#### About this task
Nothing but the lines from the one with "Struttura del letto" through the final line of the entries should appear in the answer, copied exactly and without pictures.

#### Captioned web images
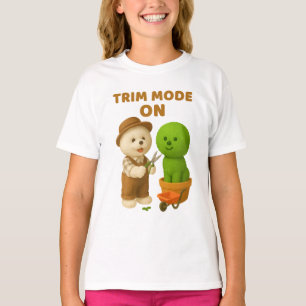 Camiseta Jardineiro de Cachorro Topiaria de Bichon Surreal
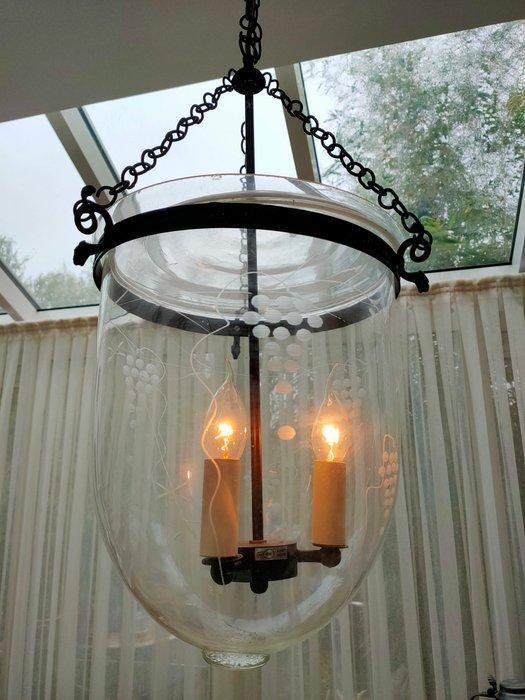 Kroonluchter - XXL - Glas, Messing - Drei kaarslampen en, Antiek en Kunst, Curiosa en Brocante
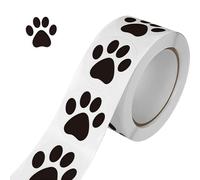 Pegatinas de pata de perro resistentes al desgarro, decoración creativa para diarios, álbumes, etiquetas de regalo, suministros de fiesta, proyectos, papelería, calcomanías adhesivas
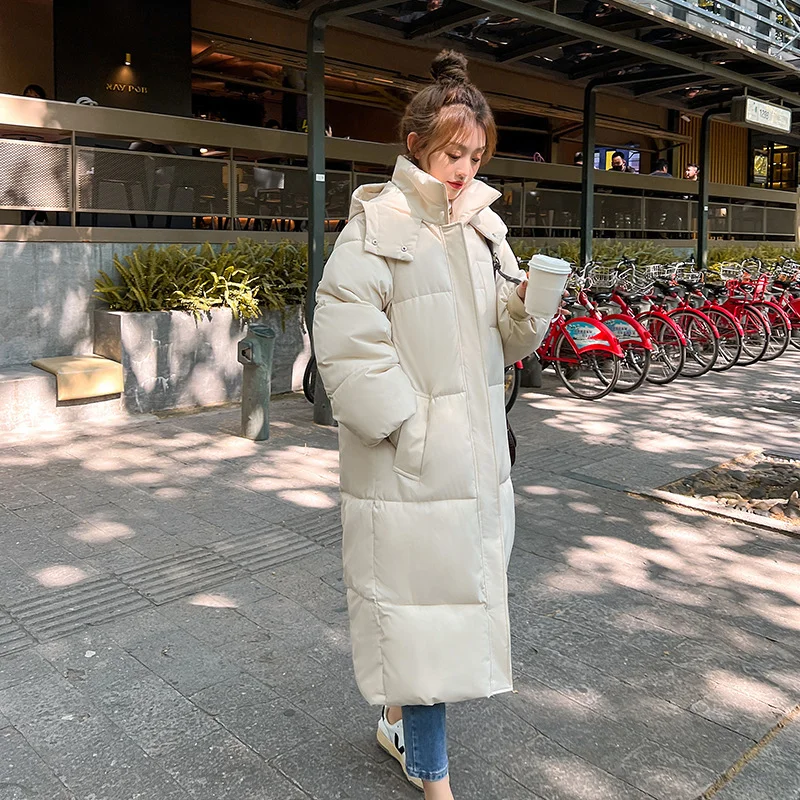 Toloer Thickness Down Cotton Clothes Korean Version Loose Long Knee Cotton-Padded Clothes 2024 Winter New Coat Ins Bread Clothing Tide-Outfit Ideas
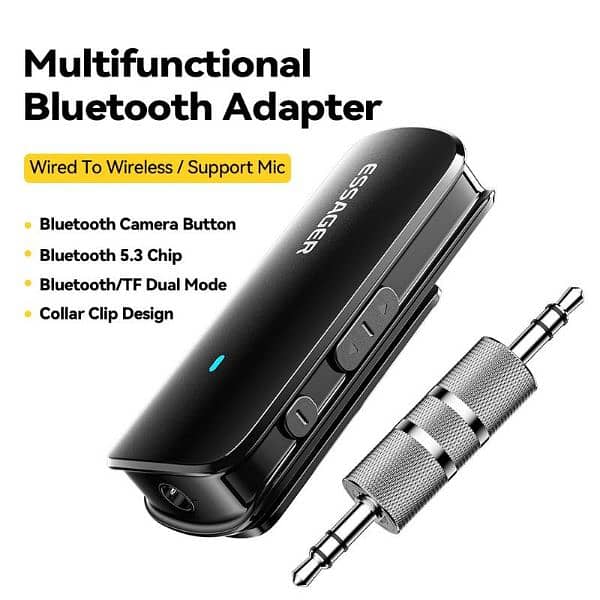 Bluetooth transmitter for mobile car home theater led tv 2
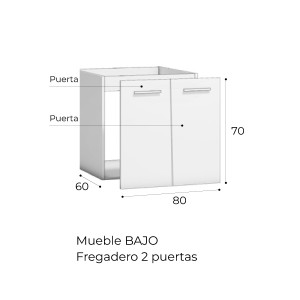 Cocina Luque 184 blanco
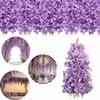 10PCS Bright Color Artificial Wisteria Hanging Flower Wisteria Flower Strips  Ceiling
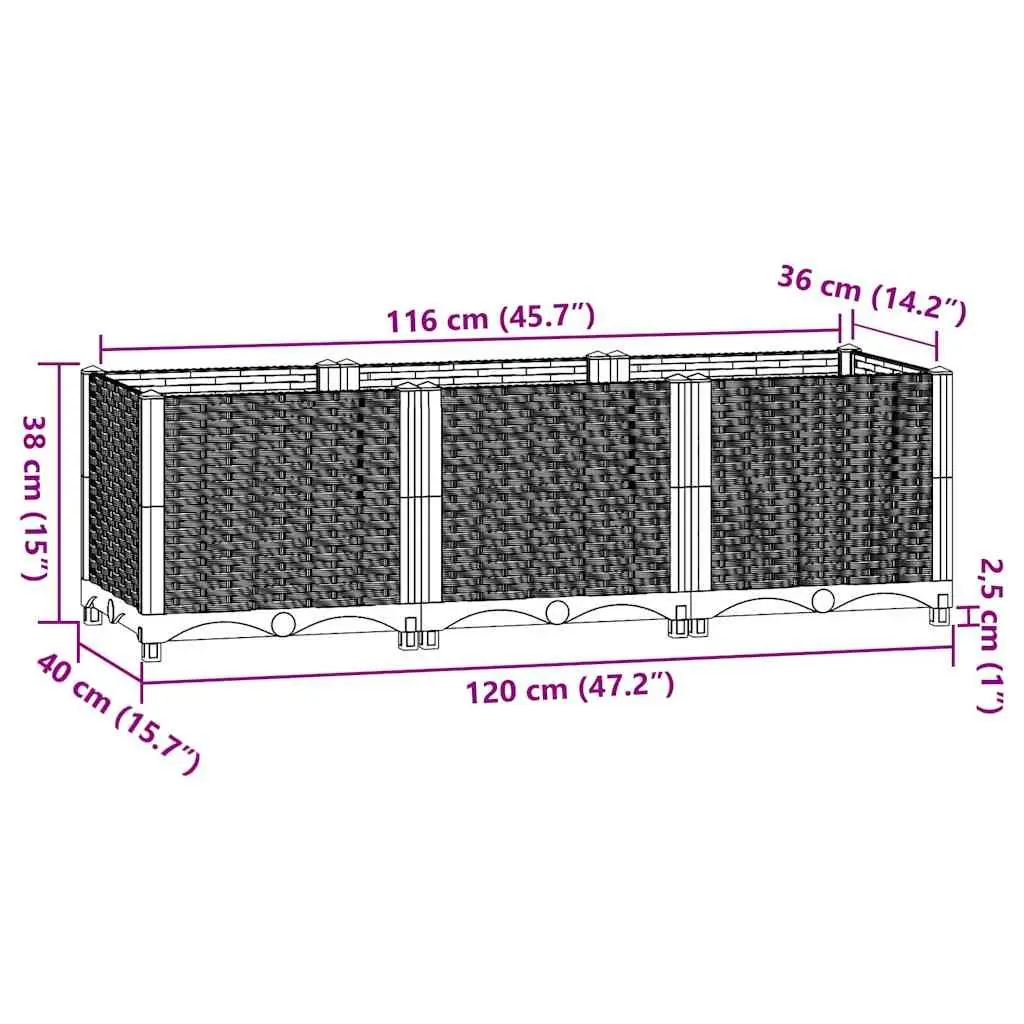Raised Garden Bed for Various Outdoor Settings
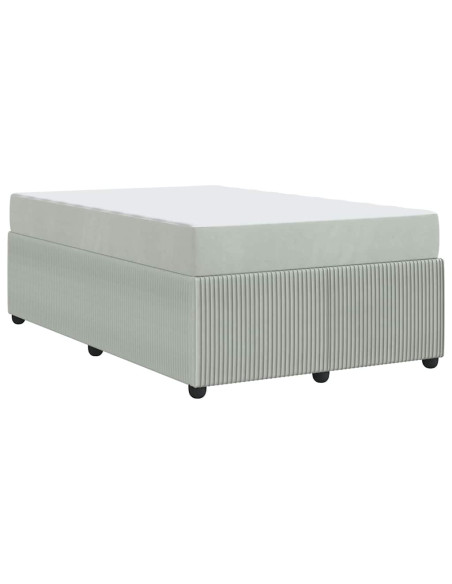 Struttura del letto Grigio chiaro 120 x 190 cm Tessuto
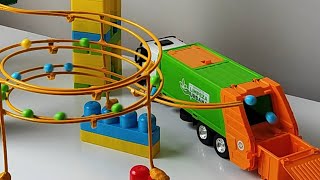 Marble Run Race ☆ HABA Slope & Retro Makita,Truck short Version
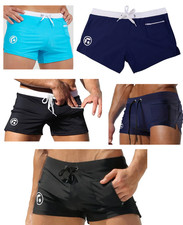 Seobean Herren Bademode Low Rise Boxershorts Badeanzug Sexy Shorts Tasche UK Erkek Plaj Giyimi price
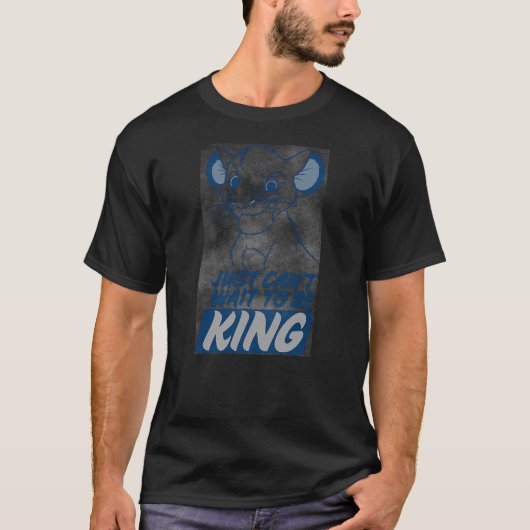 Disney Lion King Kid Simba Just Can't Wait To Be K T-Shirt (Vorderseite)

#### Output for this exercise
 Struttura del letto Grigio chiaro 120 x 190 cm Tessuto
 Marble Run Race ☆ HABA Slope & Retro Makita,Truck short Version
 Seobean Herren Bademode Low Rise Boxershorts Badeanzug Sexy Shorts Tasche UK Erkek Plaj Giyimi price
 Disney Lion King Kid Simba Just Can't Wait To Be K T-Shirt (Vorderseite)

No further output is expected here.